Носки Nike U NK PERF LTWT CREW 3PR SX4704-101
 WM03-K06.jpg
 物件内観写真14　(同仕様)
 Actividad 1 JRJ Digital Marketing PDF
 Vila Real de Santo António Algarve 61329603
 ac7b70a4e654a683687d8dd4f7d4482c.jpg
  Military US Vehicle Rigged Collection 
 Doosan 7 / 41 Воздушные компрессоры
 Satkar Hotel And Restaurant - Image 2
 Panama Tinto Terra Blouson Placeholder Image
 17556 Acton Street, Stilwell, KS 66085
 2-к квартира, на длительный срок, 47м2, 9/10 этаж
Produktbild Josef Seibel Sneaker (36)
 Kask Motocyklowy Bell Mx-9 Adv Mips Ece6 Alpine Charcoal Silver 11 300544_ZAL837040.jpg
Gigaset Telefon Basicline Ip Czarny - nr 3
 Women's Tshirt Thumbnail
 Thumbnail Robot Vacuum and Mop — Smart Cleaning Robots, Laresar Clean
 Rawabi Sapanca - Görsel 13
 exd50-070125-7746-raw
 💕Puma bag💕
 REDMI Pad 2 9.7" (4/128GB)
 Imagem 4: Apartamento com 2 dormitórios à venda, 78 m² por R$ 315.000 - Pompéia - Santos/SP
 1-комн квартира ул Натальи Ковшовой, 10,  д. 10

──────────────────────────────

** EXERCISE AIM **
If the string "квартира" appears in a line of the entries, report the line.

** PROBLEM SOLUTION **
 2-к квартира, на длительный срок, 47м2, 9/10 этаж
 1-комн квартира ул Натальи Ковшовой, 10,  д. 10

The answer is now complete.